Here's the flounder recipe. Tune in at a later date for her luscious chocolate pudding recipe.

 A la Recherche du Flounder Perdu
  • 4 fillets flounder
  • 1/4 c. flour for dredging (mixed with a few shakes of salt and fresh black pepper)
  • 2  tablespoons butter
  • 1 small shallot, minced
  • 8 ounces chopped shrimp, raw (can be frozen and thawed)
  • 2 shakes nutmeg (less than 1/8th teaspoon)
  • 2 shakes cayenne pepper (less than 1/8th teaspoon)
  • 1/3 cup white wine
  • 1/3 cup water  
  • 1/4 cube vegetable bouillon
  • 1/2 cup heavy cream
  • 2 tablespoons chopped fresh tarragon
  • salt and pepper to taste

Mix the shrimp with the nutmeg, cayenne, and salt.

Heat 1 tablespoon of the butter in a frying pan, and sauté the shrimp.

Set aside the shrimp and keep warm.

Add shallots and remaining butter to pan, and sauté until they are soft.

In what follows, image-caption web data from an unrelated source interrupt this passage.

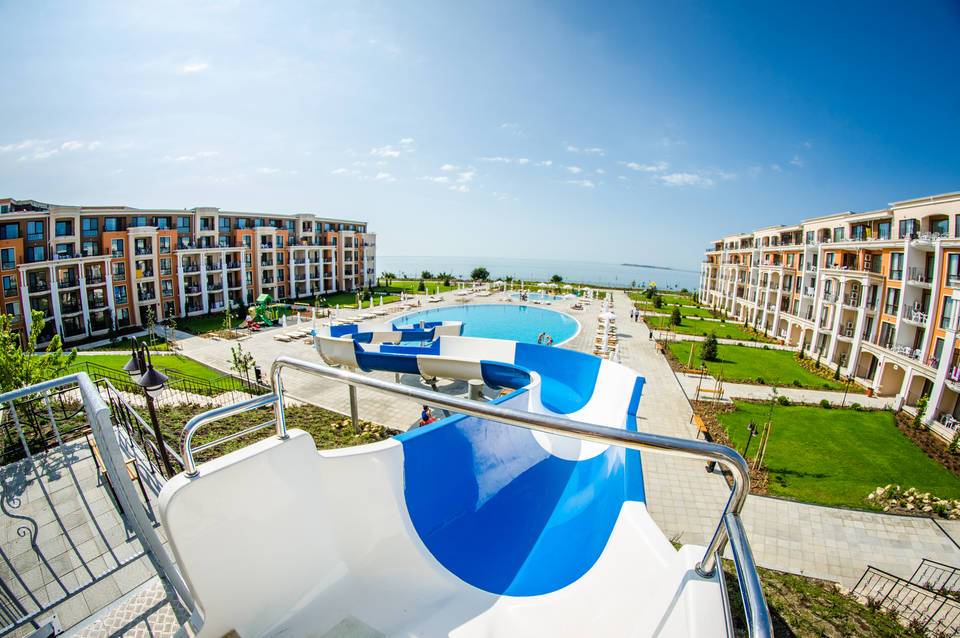 Premier Fort Beach 5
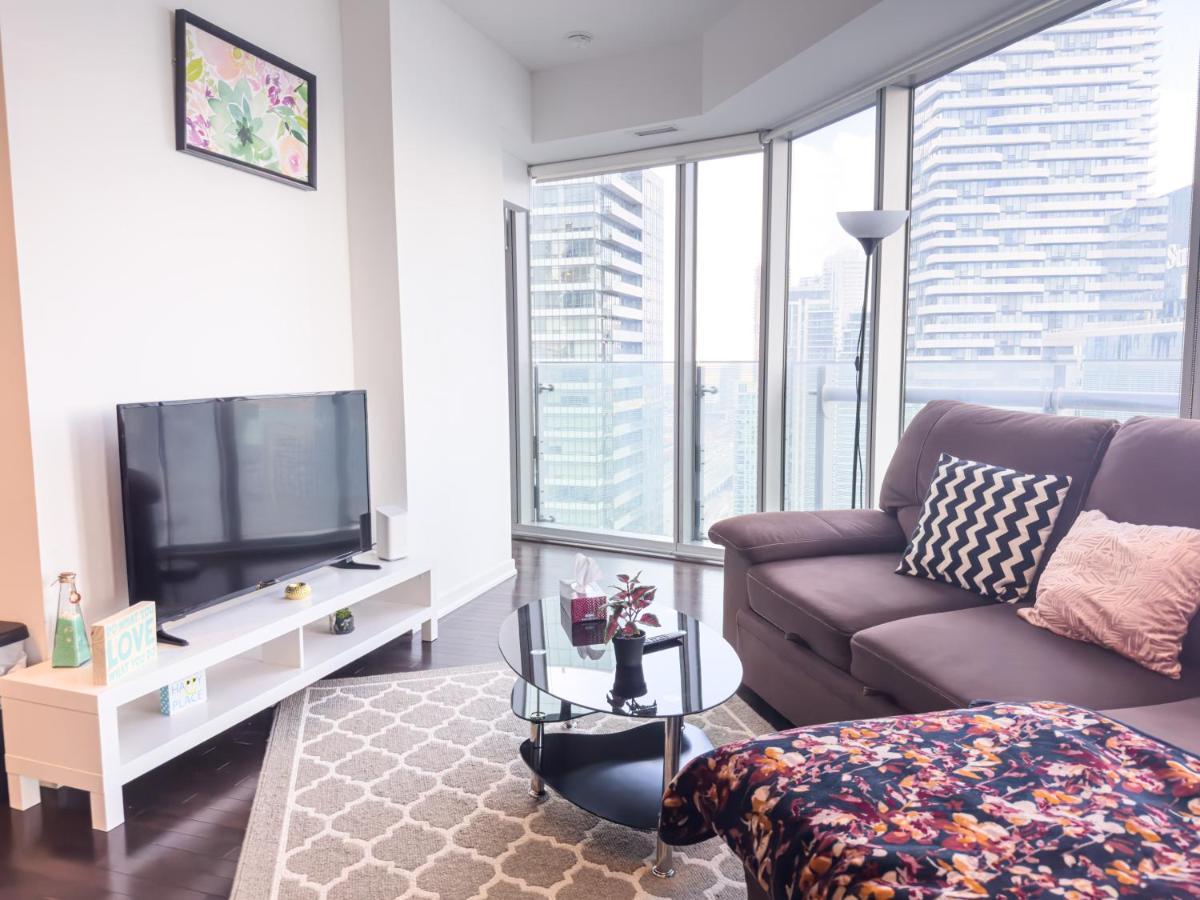 Luxury 2 Bedrooms With Lakeview Cn Tower Entertainment District Rogers Centre Toronto Exterior photo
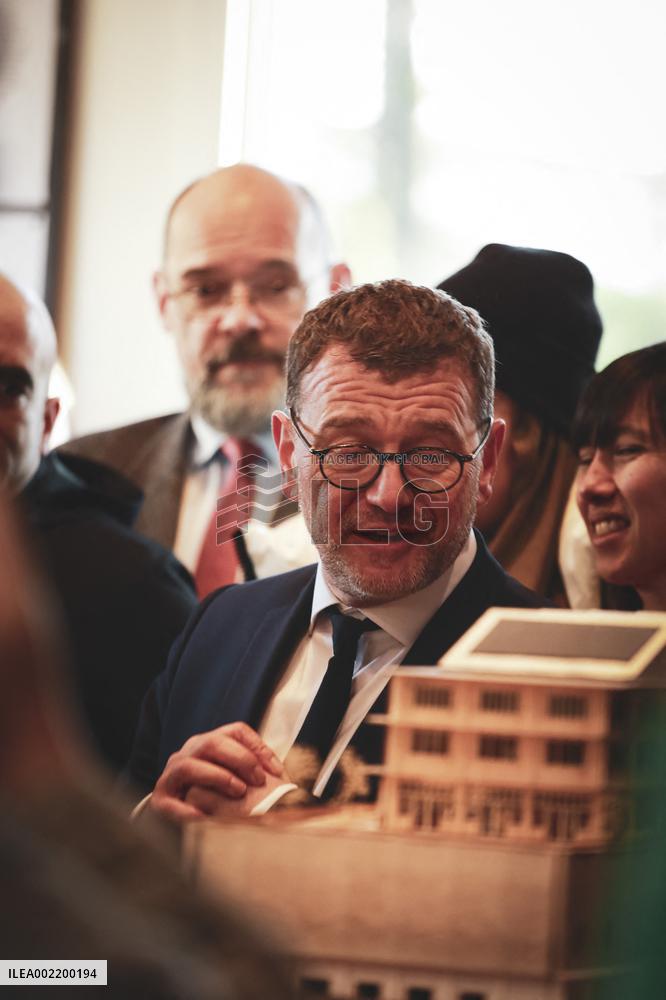 Macron And Dati Visit The Ateliers Medicis - Clichy-sous-Bois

Dredge the flounder in the flour and sauté on both sides until cooked, about two minutes per side.  If you use a large skillet, you can probably fit all four fillets in at the same time.

Set aside and keep the cooked flounder fillets warm.

Deglaze the pan with the wine.

Add the water and partial bouillon cube.

Reduce by half.

Pour in the cream, and add the tarragon and cook for about three minutes.

Assemble the dish by putting the shrimp on top of the flounder and pouring the sauce over everything. Serve immediately.